April 13, 2016 at 12:01 am
Rey E. Requejo
The National Association of Lawyers for Justice and Peace on Tuesday challenged senatorial bet Risa Hontiveros to prove that she’s worthy of the people’s trust by spearheading the return of the P1.761 billion in unauthorized bonuses granted to officers and employees of PhilHealth in 2013 during her term there as board member.
NALJP founding chairman Jesus Santos pointed out that public office is a public trust.
“Since PhilHealth funds are the people’s money, Ms. Hontiveros should show us that we can trust her with our welfare by leading efforts to get back the illegal bonuses. If she will not do anything about it, there’s no reason to be confident that she will indeed serve the people should she win,” Santos said.
PhilHealth had claimed that the bonuses were covered by board resolutions. But the Commission on Audit said the resolutions were not submitted to the Office of the President for approval as required under Section 6 of Presidential Decree 1597.
“As a board member, Ms. Hontiveros should have known of the conflict with Presidential Decree 1597. But it has never been reported that she has exerted any effort for the return of the illegal bonuses.
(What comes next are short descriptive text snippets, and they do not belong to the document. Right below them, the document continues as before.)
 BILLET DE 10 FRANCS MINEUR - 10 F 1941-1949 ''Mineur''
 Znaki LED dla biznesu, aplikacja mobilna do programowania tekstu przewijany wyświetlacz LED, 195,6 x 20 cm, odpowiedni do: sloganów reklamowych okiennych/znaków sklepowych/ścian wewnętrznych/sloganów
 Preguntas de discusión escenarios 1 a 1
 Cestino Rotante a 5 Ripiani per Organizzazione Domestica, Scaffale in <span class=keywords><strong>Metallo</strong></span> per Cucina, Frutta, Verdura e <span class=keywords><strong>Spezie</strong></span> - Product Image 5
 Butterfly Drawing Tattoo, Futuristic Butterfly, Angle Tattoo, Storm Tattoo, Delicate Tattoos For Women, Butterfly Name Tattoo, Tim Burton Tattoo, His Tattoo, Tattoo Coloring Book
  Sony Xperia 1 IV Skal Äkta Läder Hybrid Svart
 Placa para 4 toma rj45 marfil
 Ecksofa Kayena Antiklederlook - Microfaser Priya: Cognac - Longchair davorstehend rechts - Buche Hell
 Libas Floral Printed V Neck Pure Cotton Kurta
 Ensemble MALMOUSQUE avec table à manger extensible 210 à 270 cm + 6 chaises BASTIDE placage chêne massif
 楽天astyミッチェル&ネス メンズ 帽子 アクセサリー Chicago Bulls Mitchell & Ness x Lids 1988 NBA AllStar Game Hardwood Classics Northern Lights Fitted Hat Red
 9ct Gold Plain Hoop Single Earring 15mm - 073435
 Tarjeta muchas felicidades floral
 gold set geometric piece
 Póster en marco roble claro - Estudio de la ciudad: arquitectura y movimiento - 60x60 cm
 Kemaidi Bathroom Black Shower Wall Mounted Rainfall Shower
Nobody knows if she had even opposed the unauthorized bonuses, or had just simply went along with those who allowed it,” Santos said.
Santos said PhilHealth funds are exclusively for the medical needs of its members and not for the personal interests of a few.
“One can only imagine the volume of medicines and medical needs, or the extent of medical care and the number of beneficiaries which could have been bought and provided for the sick by the P1.761-billion unauthorized bonuses.
“Ms. Hontiveros owes the people a lot of explanation,” Santos stressed.
Another group of lawyers asked the Department of Budget and Management to release the P139-million retirement benefits of public attorneys that it has been withholding since 2010.
“With no more income from any form of employment, we are relying on our retirement package to support our needs for sustenance—utilities, food and most of all, medicines. Most of us are nearing the end of our days and slowly, our bodies are beginning to succumb to various forms of illness; yet, we refuse to accept even the remote possibility that we will be abandoned by this government, our former employer, in a hapless state,” 40 retired lawyers from the Public Attorney’s Office said in a manifesto.
The P139 million is the total amount of retirement gratuity package for the 40 public defenders using as basis for its computation are Republic Act 9406 or the PAO Law in relation to RA 10071 or the National Prosecution Service Law.
In an opinion released by its Legal Service, the DBM said PAO lawyers are not entitled to the same retirement package as that of the prosecutors and judges prompting the withholding of the retirement gratuity package.
Under Section 5 of the PAO Law, a PAO lawyer shall have the same qualifications for appointment, rank, salaries, allowances and retirement privileges as those of a public prosecutor.
However, last paragraph of Section 16 of the Napross Law provides that “the salaries, allowances and other emoluments herein fixed shall not apply to officers other than those of prosecutors in the National Prosecution Service, notwithstanding any provision of law assimilating the salaries of other officers to those herein mentioned.”
The DBM then requested a legal opinion from the Department of Justice which turned the request into an arbitration proceeding where the PAO office is the respondent and set a hearing on May 3.
In a separate statement, incumbent PAO lawyers backed the call of their retired colleagues, saying Section 16 of the NAPROSS Law is a general provision that may not repeal Section 5 of the PAO Law, which is a special provision.
“To interpret the Napross Law as repealing the PAO Law would be to offend the legislative intent of Congress in enacting both laws,” the PAO lawyers stressed.
PAO lawyers also scored on the current position of the DBM as it pointed out that its previous issuances—letter to former Justice secretary Leila de Lima, DBM and GSIS Joint Circular 2013-1 signed by Budget Secretary Florencio Abad himself recognized that PAO lawyers are entitled to the same retirement pay of public prosecutors.
PAO chief Persida Rueda-Acosta said the only benefits claimed by the retirees are the return of the premium and life insurance from the Government Service Insurance System.
The return of the premium is simply the reimbursement of excess of six percent deducted from PAO lawyers. Previously, it was nine percent but it was reduced to only three percent.